Real-World Results: What Does a Lower tRD Really Provide?

Up until this point we have spent a lot of time writing about the "performance improvement" available by changing just tRD. First, let's define the gain: lower tRD settings result in lower associated TRD values (at equivalent FSB clocks), which allow for a lower memory read latency time, ultimately providing a higher memory read speed (MB/s). Exactly how a system tends to respond to this increase in available bandwidth remains to be seen, as this is largely dependent on just how sensitive the application/game/benchmark is to variations in memory subsystem performance. It stands to reason that more bandwidth and lower latencies cannot possibly be a bad thing, and we have yet to encounter a situation in which any improvement (i.e. decrease) in tRD has ever resulted in lower observed performance.

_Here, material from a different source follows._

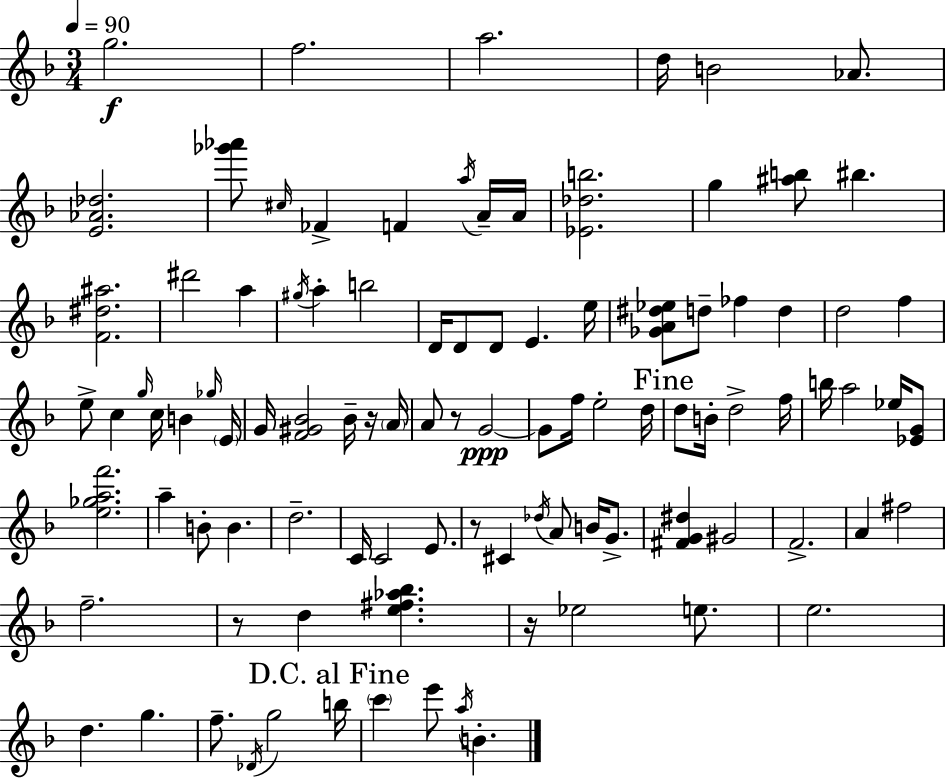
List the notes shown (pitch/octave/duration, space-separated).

G5/h. F5/h. A5/h. D5/s B4/h Ab4/e. [E4,Ab4,Db5]/h. [Gb6,Ab6]/e C#5/s FES4/q F4/q A5/s A4/s A4/s [Eb4,Db5,B5]/h. G5/q [A#5,B5]/e BIS5/q. [F4,D#5,A#5]/h. D#6/h A5/q G#5/s A5/q B5/h D4/s D4/e D4/e E4/q. E5/s [Gb4,A4,D#5,Eb5]/e D5/e FES5/q D5/q D5/h F5/q E5/e C5/q G5/s C5/s B4/q Gb5/s E4/s G4/s [F4,G#4,Bb4]/h Bb4/s R/s A4/s A4/e R/e G4/h G4/e F5/s E5/h D5/s D5/e B4/s D5/h F5/s B5/s A5/h Eb5/s [Eb4,G4]/e [E5,Gb5,A5,F6]/h. A5/q B4/e B4/q. D5/h. C4/s C4/h E4/e. R/e C#4/q Db5/s A4/e B4/s G4/e. [F#4,G4,D#5]/q G#4/h F4/h. A4/q F#5/h F5/h. R/e D5/q [E5,F#5,Ab5,Bb5]/q. R/s Eb5/h E5/e. E5/h. D5/q. G5/q. F5/e. Db4/s G5/h B5/s C6/q E6/e A5/s B4/q.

EVEREST - a popular diagnostics, basic benchmarking, and system reporting program - gives us a means for quantifying the change in memory read rates experienced when directly altering tRD though the use of its "Cache & Memory Benchmark" tool. We have collected these results and present them below for your examination. The essential point to remember when reviewing these figures is that all of this data was collected using memory speeds and settings well within the realm of normal achievement - an FSB of 400MHz using a 5:4 divider for DDR2-1000 with 4-4-4-10 primary timings at a Command Rate of 2N. The only change made between data collection runs was a modification to tRD.


Memory
Read Bandwidth - Variable tRD

Using the default tRD of 12, our system was able to reach a maximum memory read bandwidth value of 7,597 MB/s - a predictable result considering the rather relaxed configuration. Tightening tRD all the way to a setting of 5 provides us with dramatically different results: 9,166 MB/s, more than 20% higher total throughput! Keep in mind that this was done completely independent of any memory setting adjustment. There is a central tenet of this outcome: because the MCH is solely responsible for delivering the additional performance gains, this concept can be applied to any system, regardless of memory type or quality.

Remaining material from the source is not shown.